-- Opening Marker --
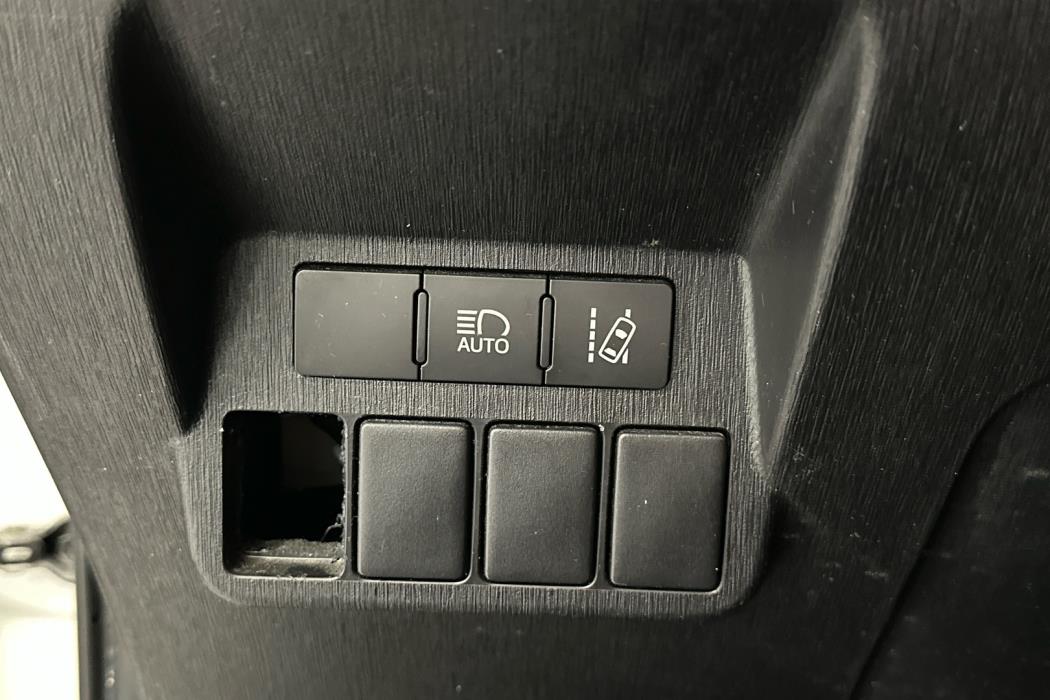 TOYOTA Prius+ 2019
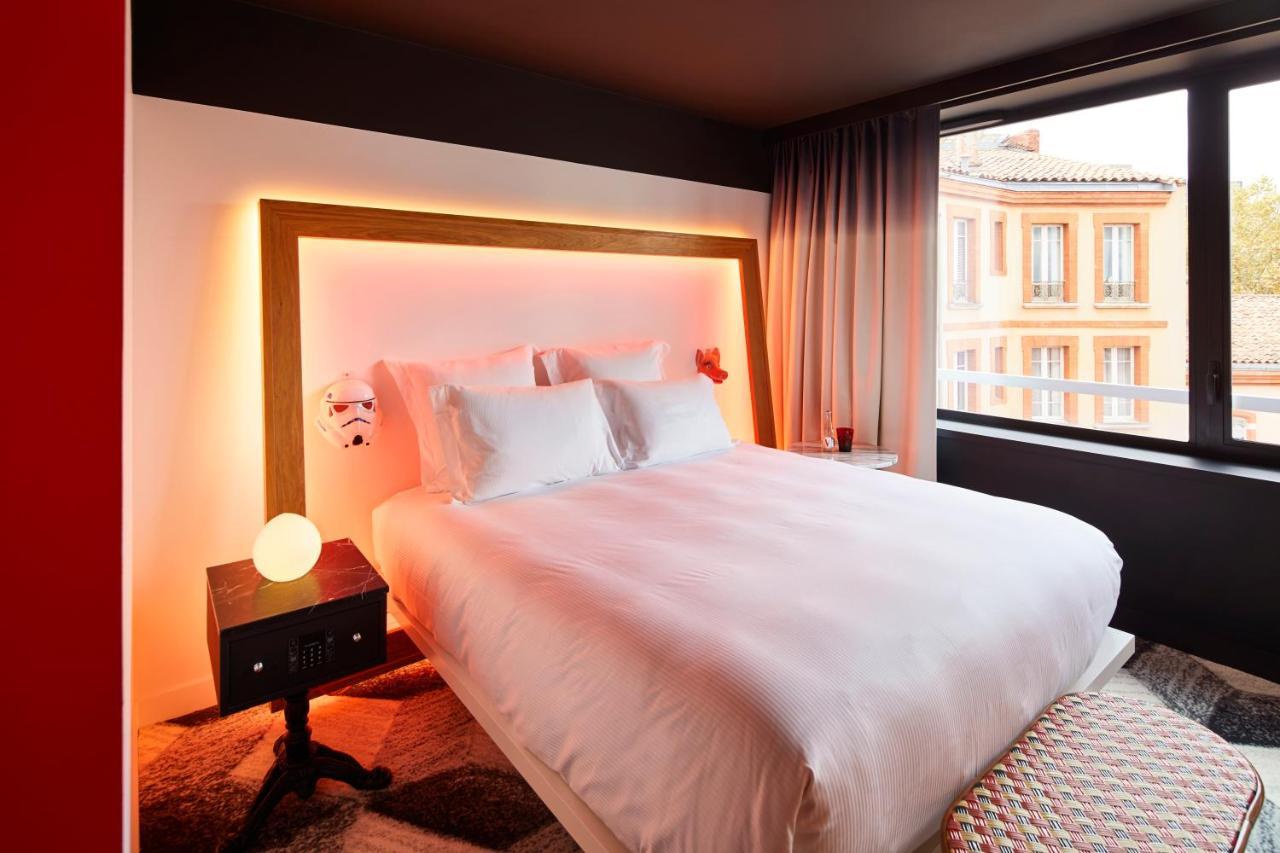 Mama Shelter Hotel 4*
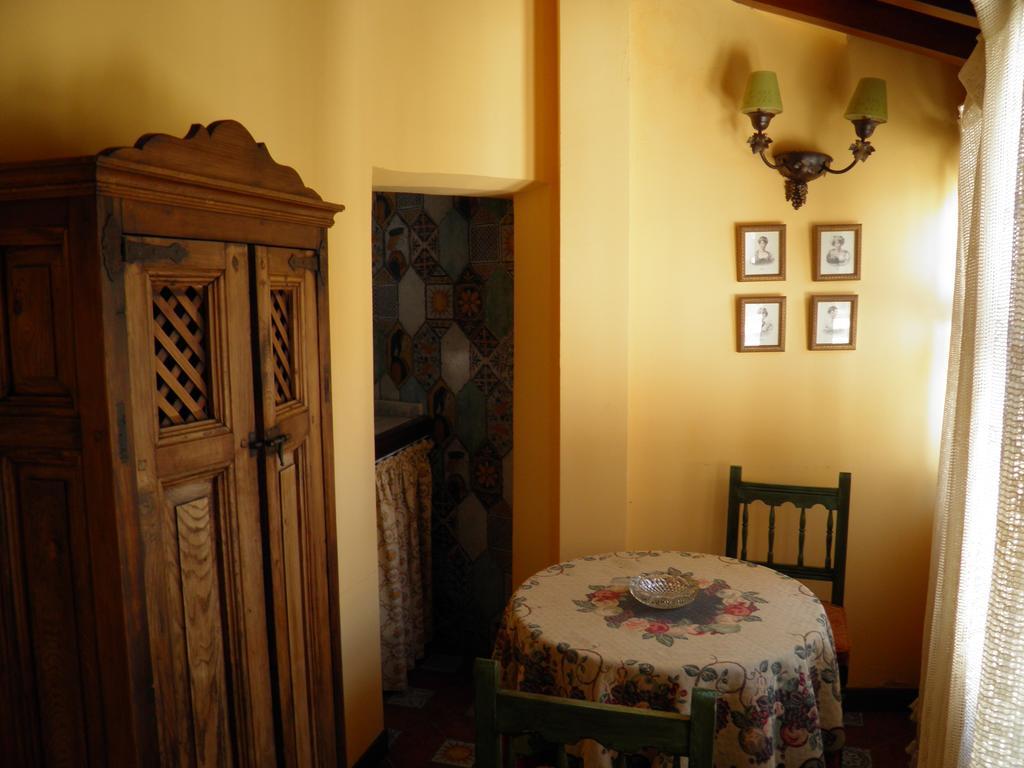 Apartamentos La Columna ชินชอน ภายนอก รูปภาพ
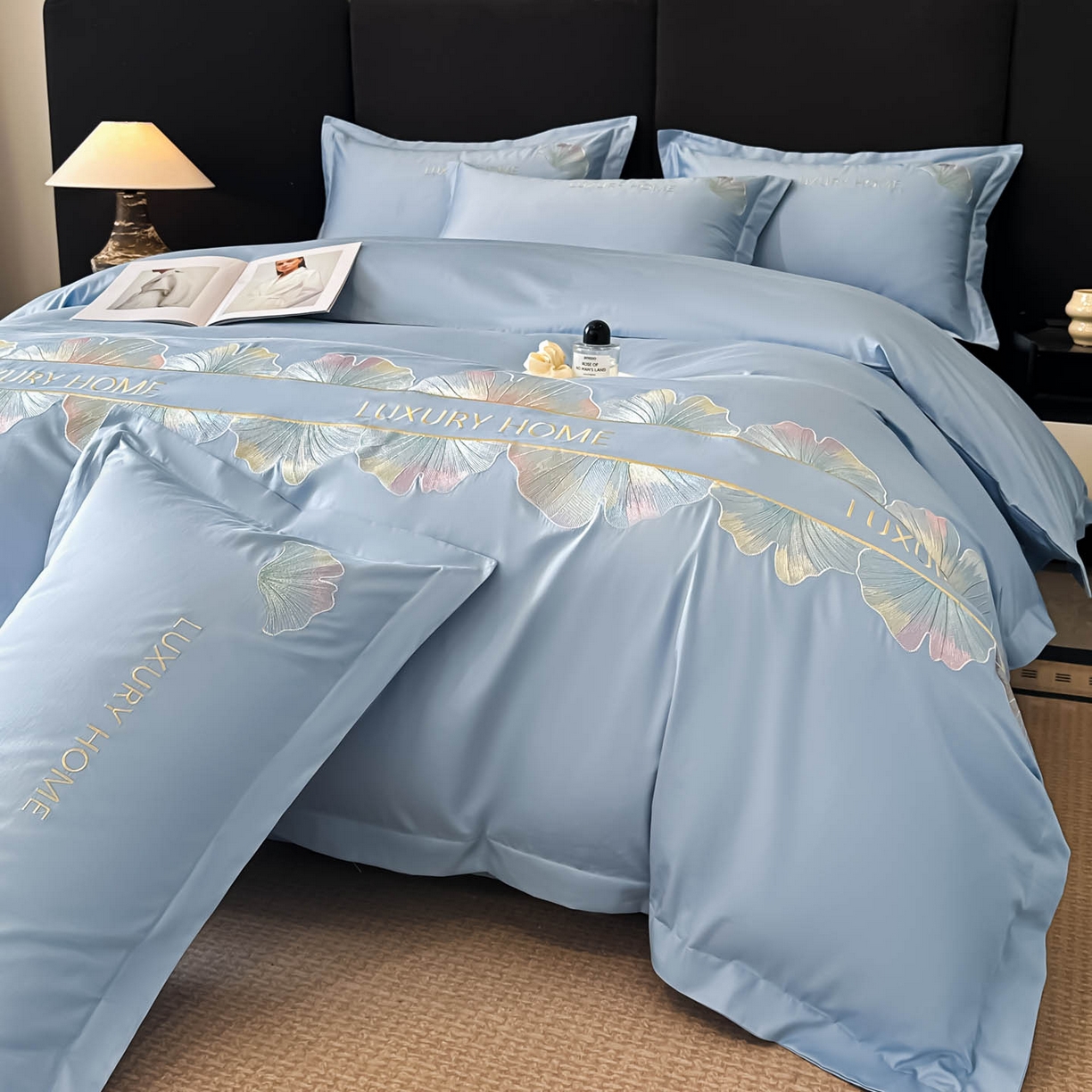 91家纺网 家纺一手货源 找家纺 润锦云 2026新款A类全棉纯棉刺绣四件套-花漾 花漾-柔雾蓝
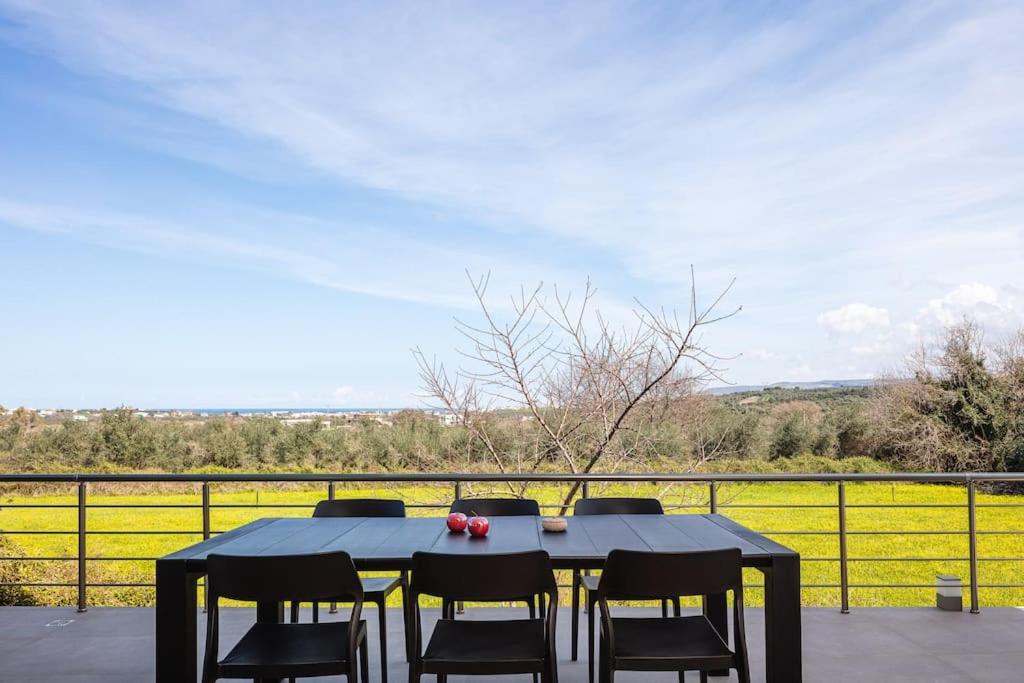 Cyan Viewpoint House near Lake Kourna view 4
-- Closing Marker --
## WHAT YOU WILL DO
Restate the records above in full and word for word, but do not carry over any pictures.

## RESULT OF THE TASK
 TOYOTA Prius+ 2019
 Mama Shelter Hotel 4*
 Apartamentos La Columna ชินชอน ภายนอก รูปภาพ
 91家纺网 家纺一手货源 找家纺 润锦云 2026新款A类全棉纯棉刺绣四件套-花漾 花漾-柔雾蓝
 Cyan Viewpoint House near Lake Kourna view 4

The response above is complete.